The four-song EP Got Nuffin (Merge, 2009) contains Tweakers and Stroke Their Brains besides the single Got Nuffin.

Too many songs on Transference (Merge, 2010) use the arrangement/production to hide their weakness. The midtempo, martial singalong Written In Reverse and some generic melodic hard-rock reminiscent of the 1970s (Got Nuffin) are hardly impressive. Spoon fare better when the arrangement is not merely a diguise but actually a complement to the composition, as is the case in the warped rap-dub aural experience of Who Makes Your Money.

Britt Daniel formed the Divine Fits with keyboardist Alex Fischel.
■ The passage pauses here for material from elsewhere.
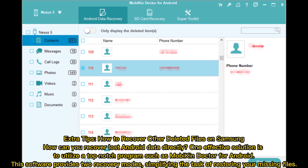Extra tips: How to recover other deleted files on Samsung, and how to recover lost Android data directly. One effective solution is to utilize a top-notch program such as Mobicon Doctor for Android. This software provides two recovery modes, simplifying the task of restoring your missing files.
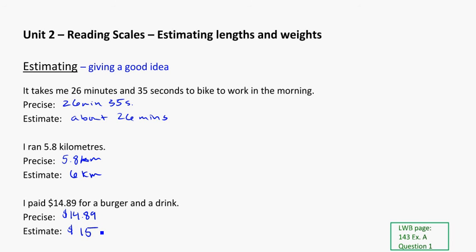So with estimations, it's just about trying to be reasonable with the number you give somebody or the number that you quote. And think about it just being a pretty good idea. It doesn't have to be perfect. It doesn't have to be exact.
Eric Harvey released a solo album, Lake Disappointment. Then they reunited (adding Fischel to the line-up) for They Want My Soul (Loma Vista, 2014), meticulous produced by Joe Chiccarelli and Dave Fridmann. The songs constitute a parade of quotations from the classics: The Rent I Pay is an awful tribute to the Rolling Stones, Do You renews their Elvis Costello obsession, the electronic dance Outlier fuses the Bee Gees of Saturday Night Fever and the Stone Roses, etc. More original (or, at least, better engineered) are the rhythms of the humbler tunes that close the album: the marching pulsation of Let Me Be Mine (with celestial synths and a guitar that winks at the refrain of David Bowie's Jean Genie) and the propulsive techno beat of New York Kiss (with nostalgic evocative electronics).

Spoon's dance-oriented Hot Thoughts (Matador, 2017) betrays a Prince fixation in Hot Thoughts and the slightly rougher Can I Sit Next to You as well as a David Bowie fixation in the castrated rockabilly of Do I Have to Talk You Into It.